Rouslan Guereïev : C’est une réalité, certes, mais parler de pratique systématique ne serait pas sérieux. Ce n’est pas le cas. Le crime d’honneur est un procédé ancien, qui nous vient du droit coutumier, des pratiques tribales antiques. Quand une personne se trouve psychologiquement dans une impasse, qu’elle ne peut plus ni éduquer, ni même exercer une quelconque influence sur un parent plus jeune, elle finit par en arriver, malheureusement, à cette issue tragique. Ces méthodes sont condamnées sans équivoque par les organisations civiles autant que par les structures religieuses. Il faut aussi noter que ces crimes ont lieu dans des régions reculées, dans les montagnes, les villages isolés – là où l’institution du droit coutumier est fortement enracinée et maintient son influence.
Lenta.ru : Si je comprends bien, ces règles ont une telle importance pour les gens qu’ils sont prêts à tuer leurs propres enfants afin que personne ne pense du mal d’eux ?
R.G. : Les codes traditionnels de conduite déterminent pour beaucoup l’ordre intérieur, les mécanismes de la vie sociale dans le Caucase du Nord. Ça concerne autant les parents que les enfants, les hommes que les femmes. Ces codes sont pieusement observés de génération en génération. Et même les années 1990 – une période révolutionnaire, au fond – n’ont changé que peu de chose. À l’inverse, l’influence du droit coutumier, tout comme les positions religieuses, d’ailleurs, se renforcent et s’affermissent de jour en jour.
Ce qui est regrettable, c’est que l’État n’accorde pas à ce phénomène l’attention qu’il faudrait : il n’y a pas de structures civiles qui pourraient faire de la sensibilisation. Il n’y a pas de plan de travail précis qui dirait quoi faire, comment le faire et qui doit s’en charger. Un individu se retrouve confronté à un problème et le résout sous le coup de la colère, de l’émotion, et c’est ce qui conduit à ces conséquences malheureuses.
Lenta.ru : Un père qui lave la honte dans le sang de sa fille acquiert-il ensuite le respect ?
R.G. : Malheureusement, c’est une loi non écrite qui intervient ici : en appliquant le châtiment, la personne sera moins blâmée que si elle avait laissé les choses en l’état. Bien sûr qu’un père n’acquiert pas le respect par un tel acte, mais du moins, il évite la honte. Et ce même si du point de vue de la culture religieuse, un crime est un crime, et qu’il est condamné par toutes les religions.

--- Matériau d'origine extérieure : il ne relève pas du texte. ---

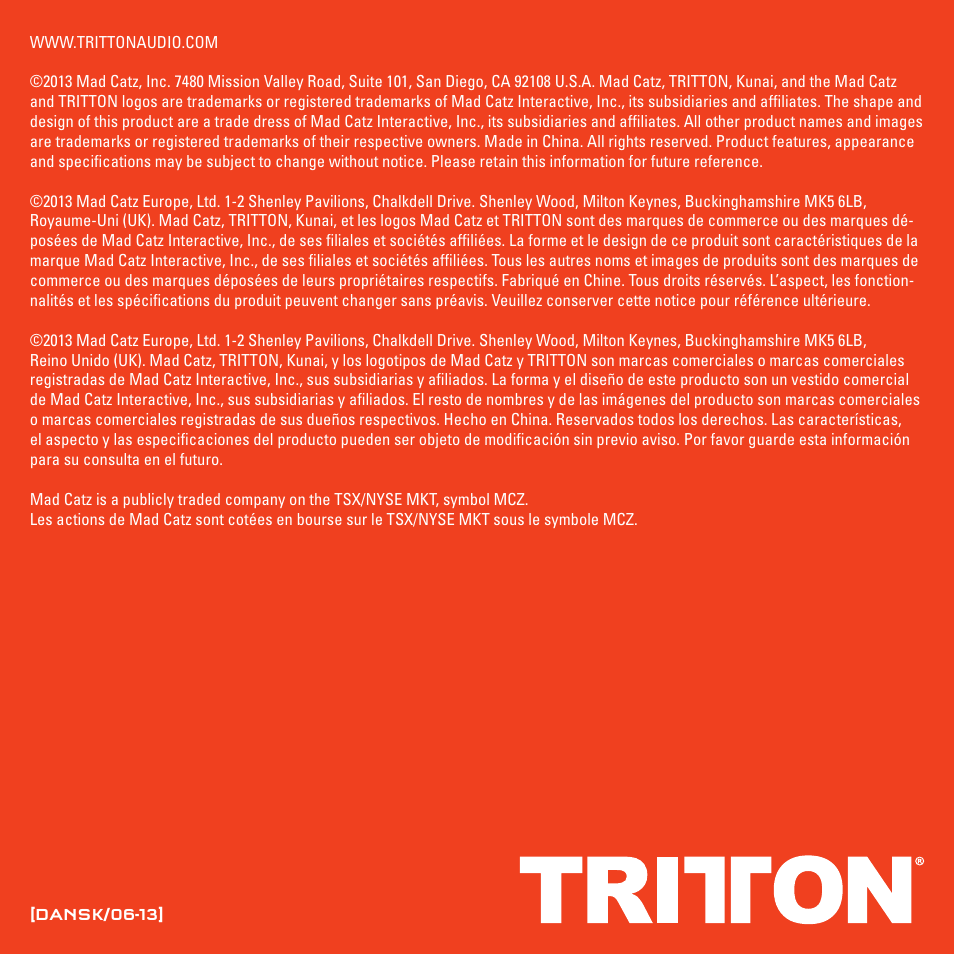 TRITTON Kunai Universal Stereo Gaming Headset User Manual | Page 149 / 170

Lenta.ru : Quelle est la position de l’islam traditionnel à l’égard de ces pratiques ?
R.G. : Il les condamne fermement. Parce que le principe qui repose à la base de la religion est « Tu ne tueras point ». Nous sommes dans un cas où la tradition et le droit coutumier sont en contradiction avec les normes de la charia. Il faut comprendre que le droit coutumier est hérité quand les versets du Coran sont respectés. Il est logique que le droit coutumier ne cède pas face aux versets parce qu’il s’agit d’une norme historiquement établie. Mais dans certaines situations, le droit coutumier est utile et peut parfaitement correspondre aux conceptions religieuses. On convoque les anciens, qui s’efforcent d’influer d’une façon ou d’une autre pour que les crimes de ce genre ne se reproduisent pas. Cette dernière affaire, l’histoire de ce père qui a égorgé ses deux filles, a eu une forte résonance, l’opinion publique a condamné son geste. Mais évidemment, ça ne ramènera pas ces enfants à la vie.
Lenta.ru : De quel comportement peut-on dire qu’il est immoral, où est la frontière ?

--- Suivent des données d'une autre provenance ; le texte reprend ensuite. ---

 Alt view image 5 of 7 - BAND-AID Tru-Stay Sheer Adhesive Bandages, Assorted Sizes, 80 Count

R.G. : Pour les femmes non mariées, les exigences concernent principalement les relations avec les représentants du sexe opposé, les frontières de la proximité, de l’intime. Tout est extrêmement codifié. Dans certains cas, un texto frivole ou un retour tardif à la maison peuvent devenir des motifs de suspicion.
Lenta.ru : Ces normes concernent-elles aussi les hommes, ou seule une femme peut-elle déshonorer sa famille ? Que risque un homme qui se comporte de façon indigne ?
R.G. : Du point de vue de la culture locale, un comportement immoral n’a pas d’appartenance sexuelle. Les codes concernent autant les femmes que les hommes, le droit coutumier s’applique à tous. Simplement, l’homme est plus privilégié dès le départ, il a un autre statut, ses responsabilités sont déterminées par d’autres critères. On n’exige pas des hommes ce que l’on exige des femmes. L’homme a le droit de légaliser a posteriori une relation hors mariage. La femme n’a pas ce droit : le dernier mot revient toujours à l’homme.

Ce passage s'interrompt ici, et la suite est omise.